我已经针对分类问题运行了一个带有嵌套交叉验证(调整+性能测量)的基准实验,并且想创建校准图表。
如果我将基准结果对象传递给 generateCalibrationData,那么 plotCalibration 会做什么?是平均吗?如果有怎么办?
根据 ROC 曲线的 generateThreshVsPerfData ,使用 aggregate = FALSE 选项来理解折叠之间的可变性是否有意义?
为了响应@Zach 对可重现示例的请求,我(OP)编辑我的原始帖子如下:
编辑:可重现的示例
# Practice Data
library("mlr")
library("ROCR")
library(mlbench)
data(BreastCancer)
dim(BreastCancer)
levels(BreastCancer$Class)
head(BreastCancer)
BreastCancer <- BreastCancer[, -c(1, 6, 7)]
BreastCancer$Cl.thickness <- as.factor(unclass(BreastCancer$Cl.thickness))
BreastCancer$Cell.size <- as.factor(unclass(BreastCancer$Cell.size))
BreastCancer$Cell.shape <- as.factor(unclass(BreastCancer$Cell.shape))
BreastCancer$Marg.adhesion <- as.factor(unclass(BreastCancer$Marg.adhesion))
head(BreastCancer)
# Define Nested Cross-Validation Strategy
cv.inner <- makeResampleDesc("CV", iters = 2, stratify = TRUE)
cv.outer <- makeResampleDesc("CV", iters = 6, stratify = TRUE)
# Define Performance Measures
perf.measures <- list(auc, mmce)
# Create Task
bc.task <- makeClassifTask(id = "bc",
data = BreastCancer,
target = "Class",
positive = "malignant")
# Create Tuned KSVM Learner
ksvm <- makeLearner("classif.ksvm",
predict.type = "prob")
ksvm.ps <- makeParamSet(makeDiscreteParam("C", values = 2^(-2:2)),
makeDiscreteParam("sigma", values = 2^(-2:2)))

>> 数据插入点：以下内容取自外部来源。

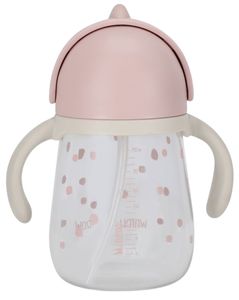 בקבוק שתיה לילדים עם קש סיליקון מתקפל וידיות אחיזה 240 מ"ל - ורוד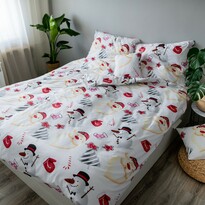 Pościel bawełniana Dita Snowman, 140 x 200 cm, 70 x 90 cm + 40 x 40 cm Pościel bawełniana Dita Snowman, 140 x 200 cm, 70 x 90 cm + 40 x 40 cm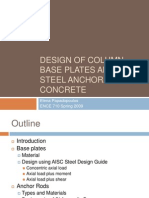 Design of Column Base Plates and Steel Anchorage to Concrete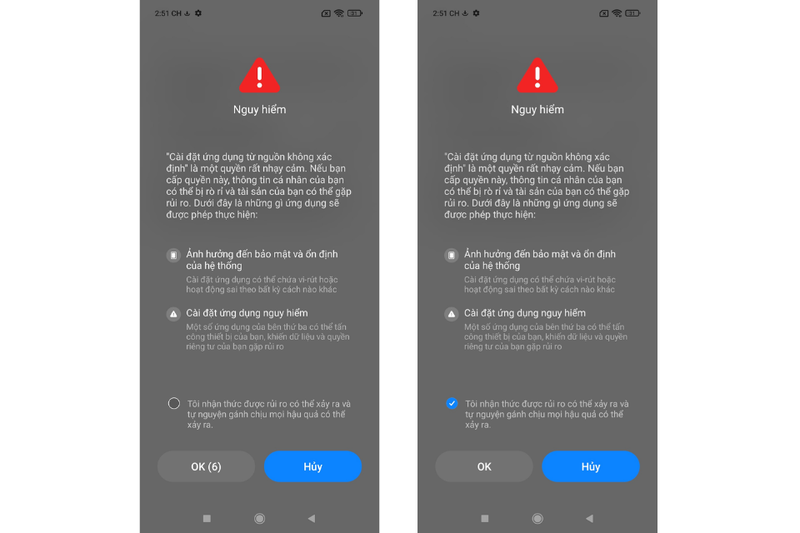 Nhấn chọn "Tôi nhận thức được rủi ro…"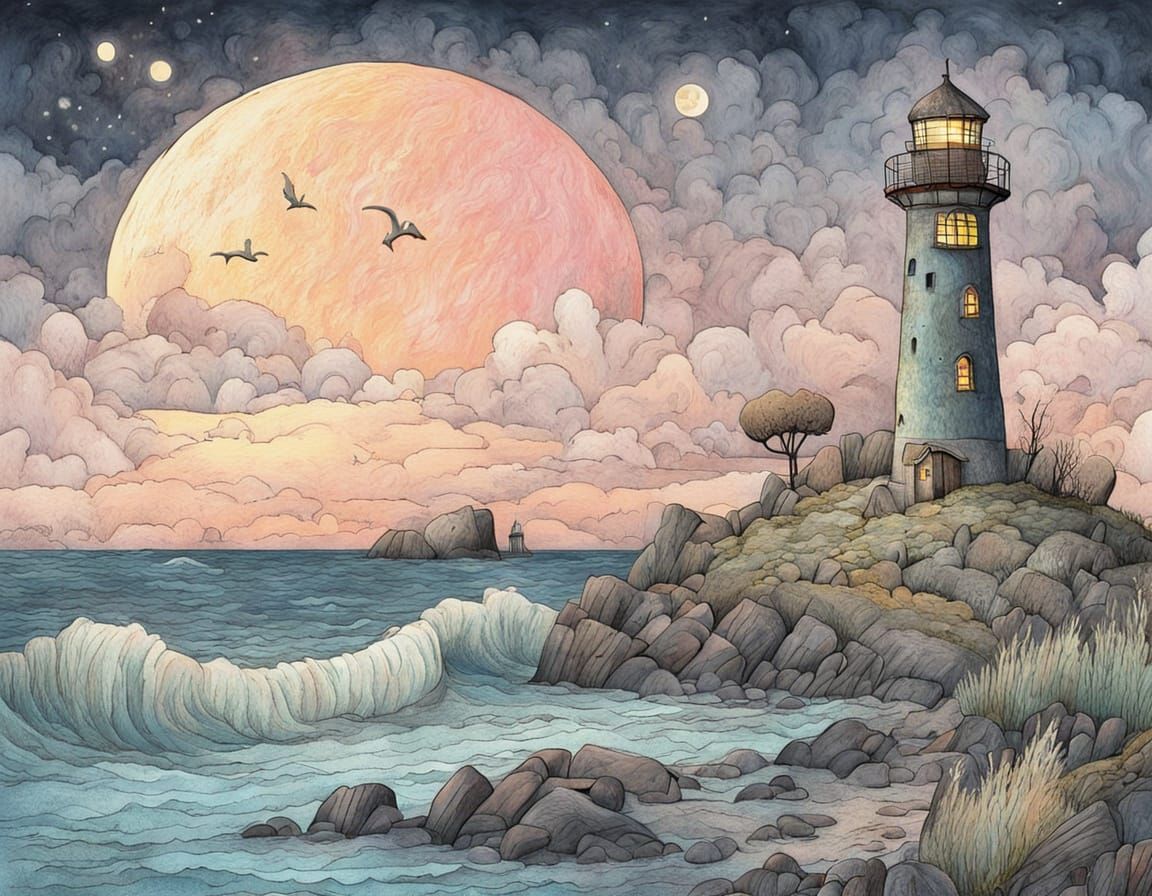 Whimsical Lighthouse Illustration in Tove Jansson Style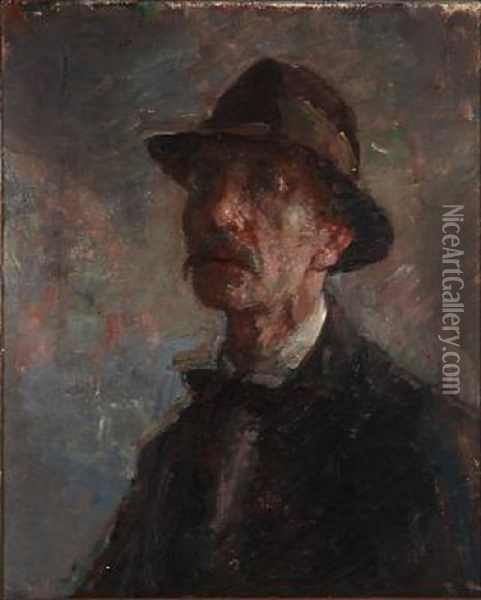 The Artist's Selfportrait Oil Painting - Julius Paulsen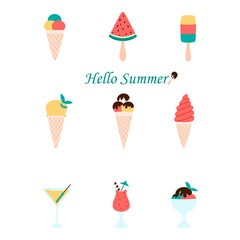 A Set of Summer ice cream cones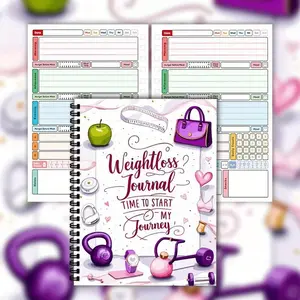 100-Page Artistic Weight Loss Plan Book, Inspirational Fitness Journal for Body Management, Ideal for Gym Enthusiasts
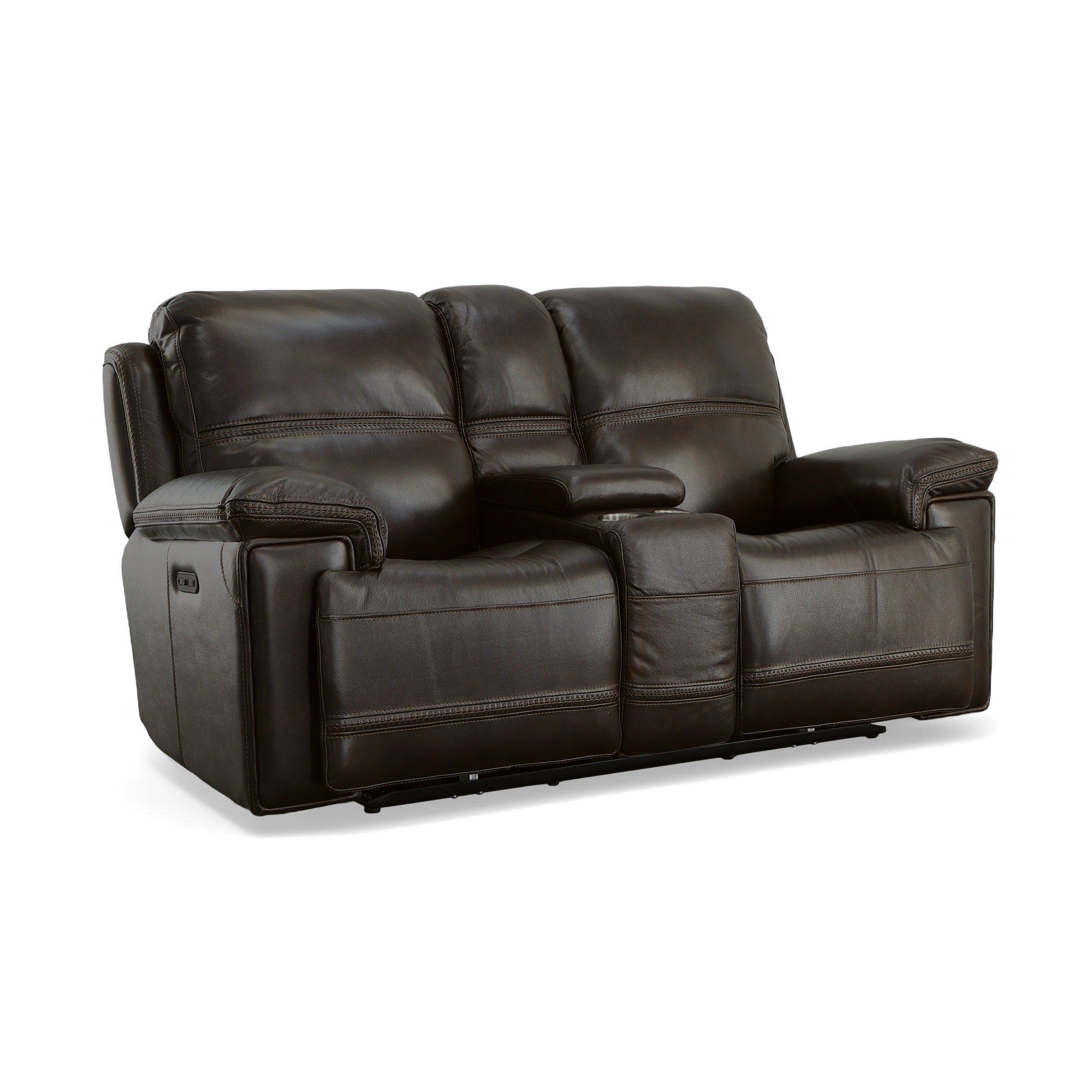 Fenwick Dark Chocolate Leather Power Reclining Loveseat with Console & Power Headrests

ksvm.ctrl <- makeTuneControlGrid()
ksvm.lrn = makeTuneWrapper(ksvm,
resampling = cv.inner,
measures = perf.measures,
par.set = ksvm.ps,
control = ksvm.ctrl,
show.info = FALSE)
# Create Tuned Random Forest Learner
rf <- makeLearner("classif.randomForest",
predict.type = "prob",
fix.factors.prediction = TRUE)
rf.ps <- makeParamSet(makeDiscreteParam("mtry", values = c(2, 3, 5)))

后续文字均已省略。